Na avaliação do diretor da fundação, falta um maior aculturamento por parte dos institucionais do país para que o investimento no exterior ganhe ares atrativos sob o olhar da Sistel. “A própria situação dos nossos juros hoje nos dá um conforto de buscar alternativas de retorno acima daquilo que necessitamos, em um ativo já conhecido operacionalmente”.
Como não poderia deixar de ser, também de olho na volatilidade no mercado de renda fixa por conta das mudanças a serem promovidas pelo Fed, a Sistel realizou algumas alterações em sua política de investimentos para o ano corrente. “Marcamos 100% de nossos ativos a mercado, e isso fez com que no ano passado tivéssemos uma performance desfavorável. Em função dessa volatilidade, e da incerteza de como será o mercado, ampliamos a participação de ativos ligados à Selic, e diminuímos a exposição a ativos ligados a índices de preços”, diz Moreira. “Nossa intenção com a alteração é se proteger, mesmo porque entendemos que 2014 também será um ano com muita volatilidade”.

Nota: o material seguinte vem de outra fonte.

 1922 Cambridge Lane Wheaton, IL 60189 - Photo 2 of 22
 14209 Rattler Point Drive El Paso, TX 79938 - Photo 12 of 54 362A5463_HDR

Outra mudança no fundo de pensão que tem hoje um patrimônio por volta dos R$ 14 bilhões e cuida da aposentadoria de empregados das grandes empresas de telefonia móvel do país é deixar de lado opções em investimentos estruturados. “Entramos no final de 2012, mas resolvemos dar uma parada a partir do início da elevação dos juros. Precisamos pelo menos ter um parâmetro de qual retorno achamos adequado para entrar em ativos estruturados que realmente compense em relação a um título público”.
Já a Funcef segue analisando as oportunidades nos estruturados, principalmente em private equity, mais especificamente nas áreas de educação, saúde e inovação. Responsável por 9% da carteira da entidade, a expectativa é que, nos próximos cinco anos, os estruturados cheguem a ocupar um espaço por volta dos 15%. “Em 2013 aprovamos dois fundos de infraestrutura e dois de inovação. Para 2014 acredito que o movimento deve ser muito próximo”, pondera Marcellini.
O ponto que parece ser o guia das fundações nesse início de ano, a abertura das taxas de juros, é também citado pelo diretor de investimentos do fundo de pensão da Caixa Econômica Federal, que entende que, com uma renda fixa mais rentável, o tempo de espera para que apareçam boas oportunidades de negócio pode se tornar um pouco maior. “Hoje estou mais seletivo para investimentos em todas as classes de ativos, porque hoje o caixa já não destrói como destruia a dois anos atrás. Se eu fico no CDI, tenho um retorno próximo de 5%, ainda abaixo do atuarial, mas não destrói tanto o valor como quando era 2%, 3%”, pontua o especialista.